- **Exercise goal**: From the line with "Mailman icons with" to the line with "Libéria 2004. 10$", retype each line exactly as it stands in the records below, but skip the pictures.

- **Data**:

----

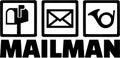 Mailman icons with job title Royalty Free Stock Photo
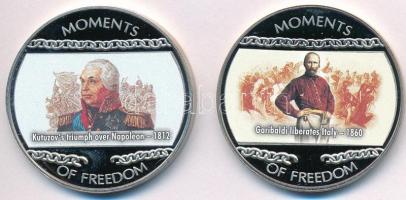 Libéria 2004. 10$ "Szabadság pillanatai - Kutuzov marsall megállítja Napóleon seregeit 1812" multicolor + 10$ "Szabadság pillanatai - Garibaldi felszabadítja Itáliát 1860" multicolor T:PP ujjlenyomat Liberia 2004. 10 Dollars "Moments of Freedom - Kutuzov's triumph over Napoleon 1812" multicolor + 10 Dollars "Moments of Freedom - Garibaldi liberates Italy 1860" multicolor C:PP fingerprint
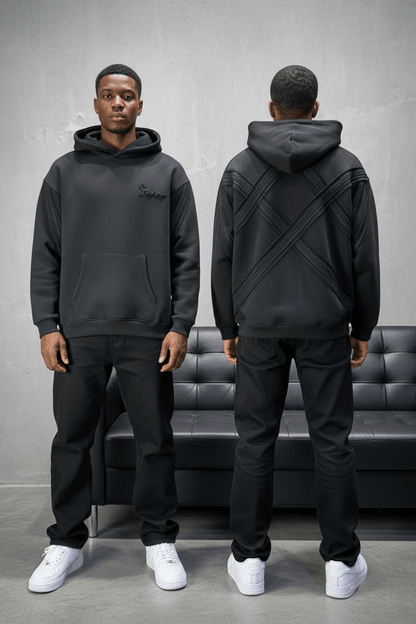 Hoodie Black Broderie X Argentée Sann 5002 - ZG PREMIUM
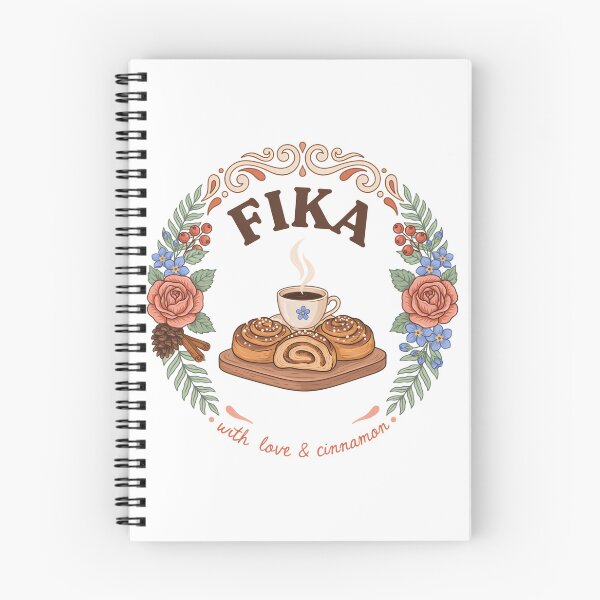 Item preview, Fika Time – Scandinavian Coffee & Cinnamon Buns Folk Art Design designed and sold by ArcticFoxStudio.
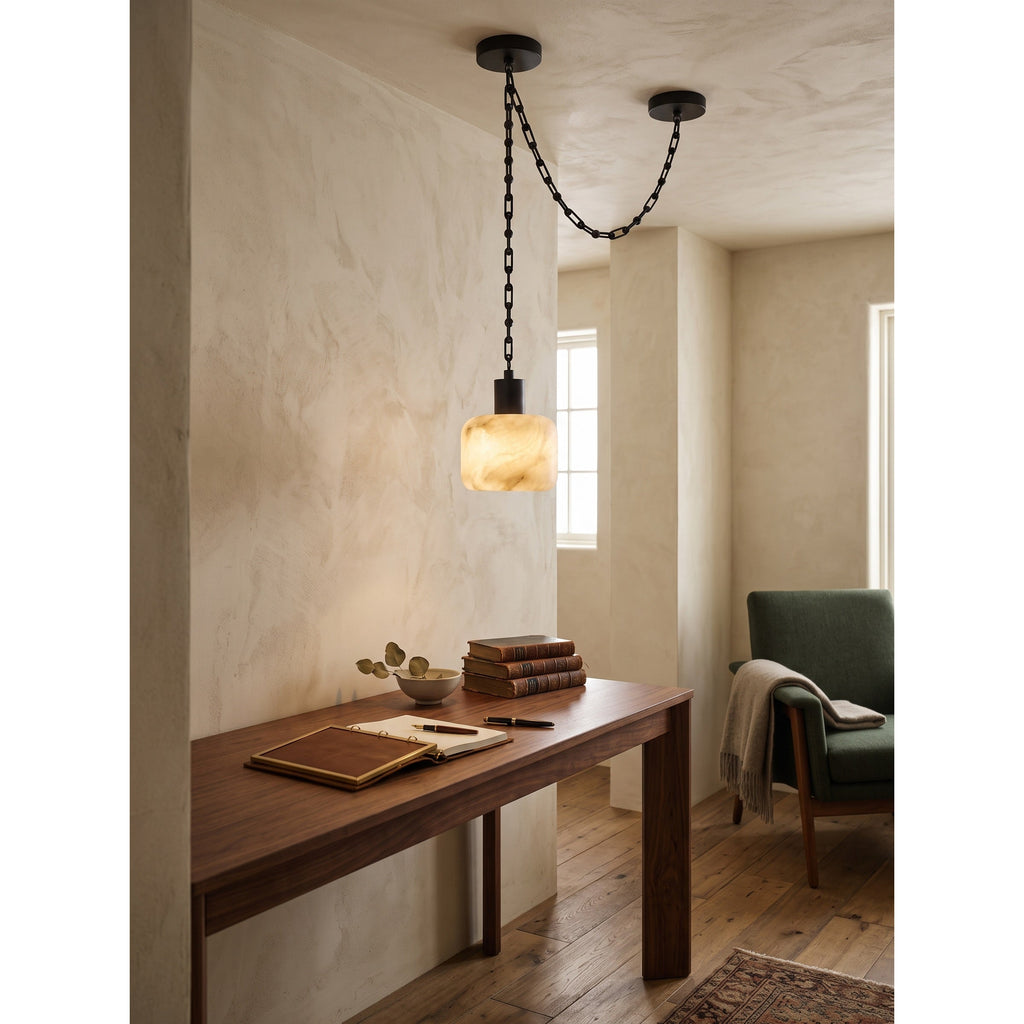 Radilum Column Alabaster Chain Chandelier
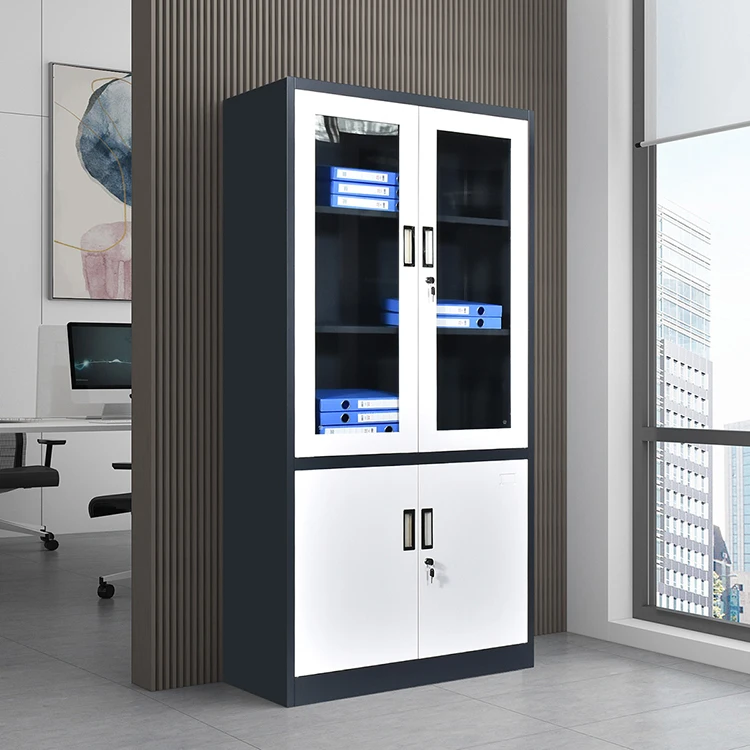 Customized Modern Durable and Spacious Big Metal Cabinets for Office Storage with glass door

----

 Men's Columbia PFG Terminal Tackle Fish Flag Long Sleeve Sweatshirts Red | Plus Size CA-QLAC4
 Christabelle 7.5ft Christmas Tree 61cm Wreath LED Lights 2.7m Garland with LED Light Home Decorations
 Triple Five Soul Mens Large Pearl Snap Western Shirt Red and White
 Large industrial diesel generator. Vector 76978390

----

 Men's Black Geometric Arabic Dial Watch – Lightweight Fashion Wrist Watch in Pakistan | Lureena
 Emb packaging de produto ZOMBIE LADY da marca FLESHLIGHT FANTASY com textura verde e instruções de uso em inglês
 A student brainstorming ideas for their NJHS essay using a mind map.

----

- **Task answer**:
 Mailman icons with job title Royalty Free Stock Photo
 Libéria 2004. 10$ "Szabadság pillanatai - Kutuzov marsall megállítja Napóleon seregeit 1812" multicolor + 10$ "Szabadság pillanatai - Garibaldi felszabadítja Itáliát 1860" multicolor T:PP ujjlenyomat Liberia 2004. 10 Dollars "Moments of Freedom - Kutuzov's triumph over Napoleon 1812" multicolor + 10 Dollars "Moments of Freedom - Garibaldi liberates Italy 1860" multicolor C:PP fingerprint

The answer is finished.